Wednesday, November 28, 2007

PCSO Steve?

Was floating round the guardian unlimited comment is free website as I occasionally do and nearly fell off my chair when I noted PCSO Steve is a contributor! Whether or not the guardian's PCSO Steve is the one and the same as the Met's PCSO Steve is a different story, and whether the Met PCSO Steve is aware someone has nicked his name is one for the Met's Professional Should-Have-Better-Things-To-Do-With-My-Time Unit to investigate.

I ought to clarify he is an author, not a commenteer like myself.

The age old post that I have regarding PCSO uniform- that continues to attract hits from google searches- is the subject of his most recent post.

He comments, in apparent contradiction to what happens when police officers go beyond their training and call of duty (reference Totally Un PC), that PCSOs often get commendations for such. That and they are the centre of neighbourhood policing.... hum...

Thought you might like to know.
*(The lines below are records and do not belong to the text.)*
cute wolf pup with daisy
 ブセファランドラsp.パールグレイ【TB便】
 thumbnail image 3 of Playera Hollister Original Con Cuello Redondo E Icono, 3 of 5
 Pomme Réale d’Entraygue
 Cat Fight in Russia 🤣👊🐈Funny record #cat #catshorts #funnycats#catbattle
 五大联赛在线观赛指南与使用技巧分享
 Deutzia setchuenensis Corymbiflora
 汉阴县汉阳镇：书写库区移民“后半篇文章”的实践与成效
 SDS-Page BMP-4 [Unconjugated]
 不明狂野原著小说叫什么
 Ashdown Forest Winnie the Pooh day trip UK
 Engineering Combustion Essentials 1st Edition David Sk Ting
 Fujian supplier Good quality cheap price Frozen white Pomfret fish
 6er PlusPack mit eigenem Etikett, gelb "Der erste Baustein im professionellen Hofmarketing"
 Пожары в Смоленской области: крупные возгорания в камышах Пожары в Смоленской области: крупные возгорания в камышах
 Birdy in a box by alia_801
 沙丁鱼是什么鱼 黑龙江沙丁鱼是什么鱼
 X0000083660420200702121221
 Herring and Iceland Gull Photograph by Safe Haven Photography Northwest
I will keep an eye out!

For my previous musings on the rights and wrongs of PCSO's, click on the "PCSO's" label on the sidebar, or click here

Monday, November 26, 2007

Too late for a lecture

I look at the scene. We couldn't get close enough to be sure anyone was in it until the fire brigade had been at it for a while damping it down. But even with the heat and the force of the crash, there's still an unmistakable outline in the charred, melted cabin.

I look back down the road . I've heard the accounts from the witnesses who don't know whether to be angry or sad, and just stand there continually rubbing their eyes and running their hands across their head. His friend is just up the road, customised car with aftermarket alloys now sat quietly by the side verge. He saw what happened in his mirror and turned round, but too late to help. There are small pools on the carriageway from where he's thrown up.

I can picture the last moments. What was a bit of "fun", a quiet road with no-one else seemingly around. A friend in the car next to you, having a bit of a race up the road to see who's got the faster car off from the roundabout. You've got dads car, you know its a good one. You've had a good night, no drinking involved, you never do that. You're feeling good. Can't lose.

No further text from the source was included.